Barsinghausen - Der Auftakt ist geschafft. Endlich. 112 Tage nach dem 0:1 in Havelse durften die Fußballer der BSV Rehden mal wieder ein Pflichtspiel in der Regionalliga bestreiten. Dass dieses dann zu einer müden Nullnummer beim 1. FC Germania Egestorf/Langreder geriet, war BSV-Trainer Benedetto Muzzicato schnurzpiepegal.

„Wir haben den ganzen Februar nicht gescheit trainieren können. Und wir mussten gegen einen Gegner ran, der bereits zwei Spiele absolvieren konnte, der deshalb schon im Rhythmus ist. Daher muss ich sagen, dass ich mit dem Punkt sehr zufrieden bin.“

Mit der ersten Dreiviertelstunde nach der Mammut-Winterpause war Muzzicato allerdings nicht so einverstanden. Er hatte seine Schwarz-Weißen in einem „defensiv ausgerichteten“ 3-4-3-System auf den Egestorfer „Acker“ geschickt. Dass die Rehdener es erst einmal etwas gemächlicher angingen, hatte einen simplen Grund. „Wir wussten einfach nicht genau, wo wir wirklich schon stehen“, betonte der Coach. Daher: Safety first.

Egestorf bereitwillig den Ball überlassen

Die Gäste überließen Egestorf bereitwillig den Ball, erst knapp hinter der Mittellinie begannen die Rehdener mit einem zaghaften Pressing. Allerdings stimmten die Abstände zwischen den Mannschaftsteilen, Egestorf fand keine freien Räume, weshalb das Spiel sich in einem Mittelfeldgeplänkel verlor. Bei Ballgewinnen wollte Rehden eigentlich zügig über Miguel Fernandes und Philipp Kürble umschalten. „Die beiden haben sich heute allerdings ein bisschen schwer getan“, sagte Muzzicato.

Zur Pause ging Kürble runter, Spielmacher Josip Tomic kam. Als nach einer Stunde Fernandes für Stürmer Fabian Lokaj weichen musste, stellte Muzzicato auf ein 3-4-1-2-System um. Und die Gäste hatten jetzt ihre beste Phase.

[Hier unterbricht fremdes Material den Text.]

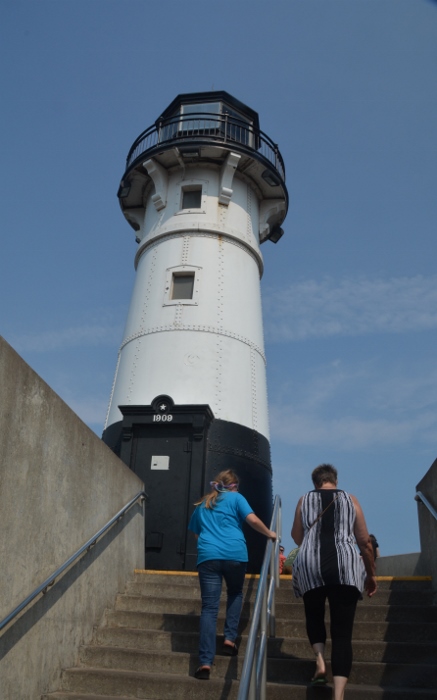 the Duluth lighthouse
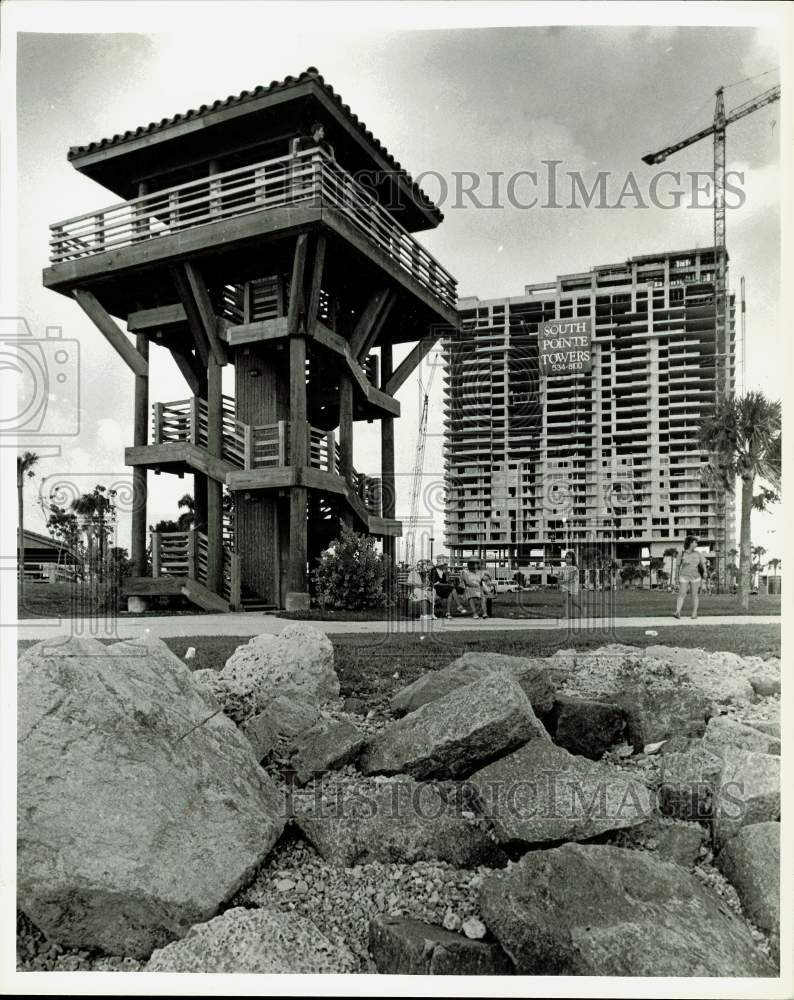 1986 Press Photo South Pointe Towers casts shadows on South Pointe Park, FL- Historic Images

Viktor Pekrul eroberte mit einer starken Grätsche den Ball, von der rechten Grundlinie passte der Rehdener Routinier auf Lokaj, doch aufgrund eines Platzfehlers verpasste der 21-jährige Mittelstürmer (72.). 

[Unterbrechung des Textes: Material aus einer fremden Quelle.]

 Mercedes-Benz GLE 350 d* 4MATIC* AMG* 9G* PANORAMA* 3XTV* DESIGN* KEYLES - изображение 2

Vier Minuten später kam Mittelfeldmotor Corvin Behrens im Strafraum aus halbrechter Position zum Abschluss, doch sein Schuss schlug nur im Außennetz ein. „Mit ein bisschen Matchglück hätte es sogar ein Auswärtssieg werden können“, sagte Muzzicato mit Blick auf diese Szenen.

Rehden-Keeper klärt in höchster Not

Aber auch auf der Gegenseite wurde es nun knapper. Rehdens Keeper Milos Mandic klärte in höchster Not einen 25-Meter-Schuss von Hendrik Weydandt (80.), beim folgenden Eckball stand Lennart Madroch auf der Linie goldrichtig. Somit blieb es bei der Nullnummer.

Für die Gastgeber, die als Siebter längst frei von Abstiegssorgen sind, war es bereits das dritte Remis in Serie. Für Rehden war es ein ordentlicher Start ins neue Fußballjahr, wenngleich die Situation im Tabellenkeller an diesem Wochenende nicht besser wurde für das Muzzicato-Team. Der VfB Oldenburg zog mit einem Sieg in Hildesheim nun auch nach Punkten an den Schwarz-Weißen vorbei, Altona 93 sitzt ihnen durch einen Erfolg in Norderstedt im Nacken. 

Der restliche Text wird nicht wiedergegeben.